This is all fascinating. I am not sure if I understand the notion of "equivalent space" (is this just representation of time like the fictional "time axis" applied in the graphics and diagrams of conventional physics?). Modern people are used to consider time as linear, but its understanding as rotational was inherent in many ancient cultures. Even now we say that something "turns into something" as synonym of "change into something" and the change as such is more or less an effect of time. Thus from the Sanskrit root vṛt ("to turn/revolve", "to move/advance" and "to live/exist") comes the word vartana which means both "turning, roling" and "setting in motion, causing to be". Would it not be possible to consider forces and fields as effects of time (or its primal "life-force")?

As I see it, the imaginary numbers introduce dynamics in the picture since the imaginary exponential growth (e^ix) is equivalent to rotaion while the integer powers of the imaginary unit mark the four phases of the cycle - i needs to be multiplied by itself 4 times in order to return to its initial value, that's why this corresponds to the quaternary divisions (like the four seasons, the four directions, the four elements etc.) that consist of combining two polarities - one static and one dynamic. It's like the division of the year in two halves - light one (with longer day) and dark one (with longer night) which are like positive and negative, - and then adding to that the dynamic aspect of increasing and decreasing of light and darkness (day and night), which gives us the four seasons (phases of the cycle). Or if we consider rotation in 3D space this gives us polarization of space in two static linear directions of south and north along the axis (from where the rotation appears clockwise and counter-clockwise respectively) and two dynamic circular directions of east and west transversely to the axis (toward and against the rotation respectively).
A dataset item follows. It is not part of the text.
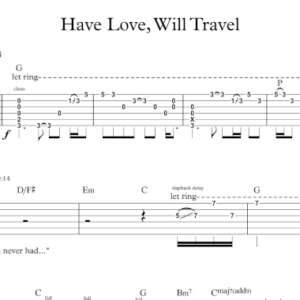 Lead Guitar Tablature for "Have Love, Will Travel" by Tom Petty & The Heartbreakers.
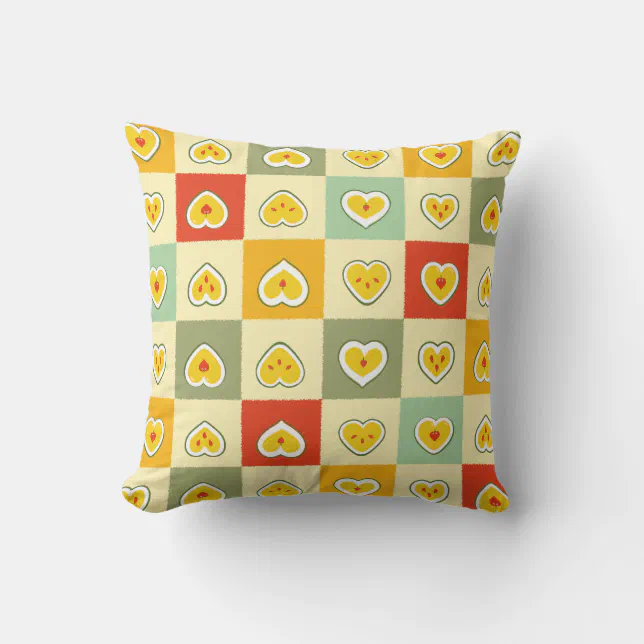 Hearts Apples Throw Pillow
The combination of real and imaginary quantities seems to be the most abstract way to describe such concepts mathematically.
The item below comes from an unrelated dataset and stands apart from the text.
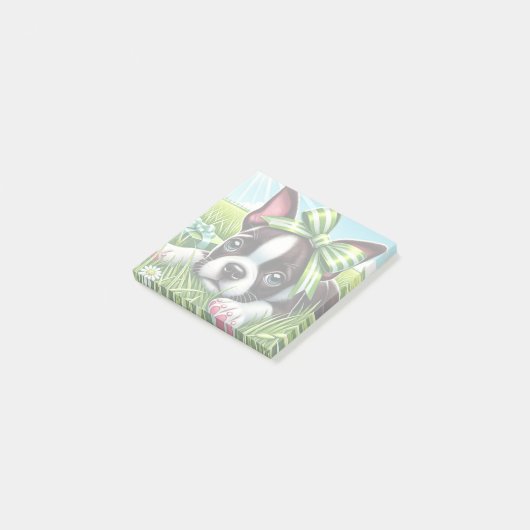 Post-it® Chiot de Boston Terrier avec Bow vert (Incliné)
I also think that the idea of "unity" is only an useful mental construct, not some real basis of existence. In my opinion the assumption that all quantities could have a common denominator (unit measure) would imply a deterministic universe. In order for it to be stable, i.e. dynamic, self-correcting and versatile system, the proportions should be in fact irrational. It is our consciousness that analizes it in discrete units assuming that they are commensurable while ignoring the infinite irrational reminder. The latter can be infinitesimal and not worth considering for all practical purposes, but it is what exercises influence in the long term (that's the "butterfly effect"). Maybe this is the way that the time-flow manifests - an influx of infinitesimal irrational quantity that causes disparity between space and time units, preventing them from "clicking" exactly and so separating moments as unique from one another. Thus we may take a full cycle to be the unit of time and the radius to be the unit of space (e^2πi = 1) to have a unit speed (1/1), but the real proportion of the quantities will be irrational (1/2π or its reciprocal). This is what Henry Bergson called "cinematographic nature" of cognition and science - our mind takes shots of reality and them combines them in moving picture, but what happens between the frames is what eventually determines the course of phenomena.

[bperet]

I am not sure if I understand the notion of "equivalent space" (is this just representation of time like the fictional "time axis" applied in the graphics and diagrams of conventional physics?). Modern people are used to consider time as linear, but its understanding as rotational was inherent in many ancient cultures.

Daniel's paper on EDsETs has a detailed description of the concept of equivalent space, in the section with the same name as this topic, Time and Relative Dimensions in Equivalent Space. You may find that of use.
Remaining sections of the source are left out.